Is task-agnostic accuracy correct?
ashok-arjun opened this issue · 2 comments
Hi,
I'm not sure if the task-agnostic accuracy is correctly calculated.
I see that in network.py line 44
, you are creating a new Linear layer with nn.Linear(self.out_size, num_outputs)
for each task.
This indicates that each task will have a separate Linear
layer with each having equal capacity.
For task-agnostic accuracy, I see that the outputs of all heads are combined, then softmax is taken.
But in a lot of papers, they use only 1 head for all tasks, to indicate task-agnostic accuracy.
I am aware that when training, they only backpropagate the logits of the classes belonging to the current task, and what is done here is equivalent to that in a way.
May I please know why that is not followed here?
Thank you.
Hi, thanks for your question!
Having a single nn.Linear
with all classes of all tasks and having multiple nn.Linear
and then concatenating their outputs are equivalent implementations:
import torch
fcbig = torch.nn.Linear(64, 50)
fcsmall1 = torch.nn.Linear(64, 30)
fcsmall2 = torch.nn.Linear(64, 20)
# Make weight and bias values equal for both cases
with torch.no_grad():
fcsmall1.weight.copy_(fcbig.weight[:30, :])
fcsmall1.bias.copy_(fcbig.bias[:30])
fcsmall2.weight.copy_(fcbig.weight[30:, :])

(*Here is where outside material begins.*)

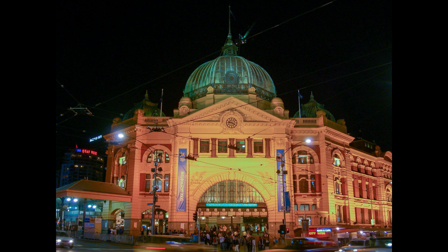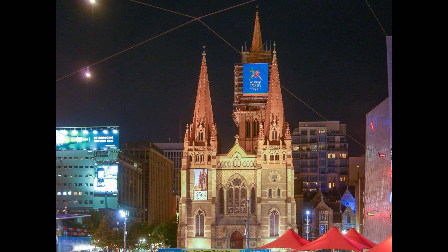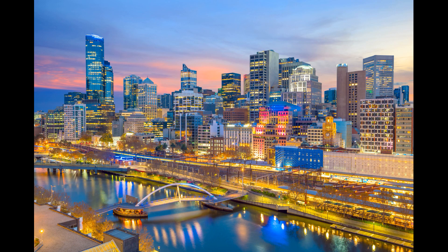Royal Botanic Gardens Victoria — visit Melbourne's inner-city oasis. Over 10,000 plant species from around the world are presented in a kaleidoscope of color and texture. Sweeping lawns, tranquil lakes, and majestic trees are home to an amazing range of wildlife.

fcsmall2.bias.copy_(fcbig.bias[30:])
# Forward
x = torch.rand(64)
y1 = fcbig(x)
y2 = torch.cat((fcsmall1(x), fcsmall2(x)))
print((y1 == y2).all())
You should see tensor(True)
as the output when running this code.
As you say, many papers use the single nn.Linear
implementation for all tasks from the beginning. However, in order to do that, you would need to know the number of classes of each task beforehand when beginning task 1. In other words: you would be having access to information from the "future". Therefore, breaking part of the idea of Continual Learning (although in practice both give the same results).
For this reason, we preferred to use the second implementation because it mimics a more realistic case: whenever a new task comes, the final layer is extended to allow learning the new classes. Without caring about how many tasks or classes will the model see in the future.
I hope I have made myself clear!
Thanks a lot for the detailed reply @mkmenta.
That definitely makes sense, and I understand why this implementation is much better and scalable.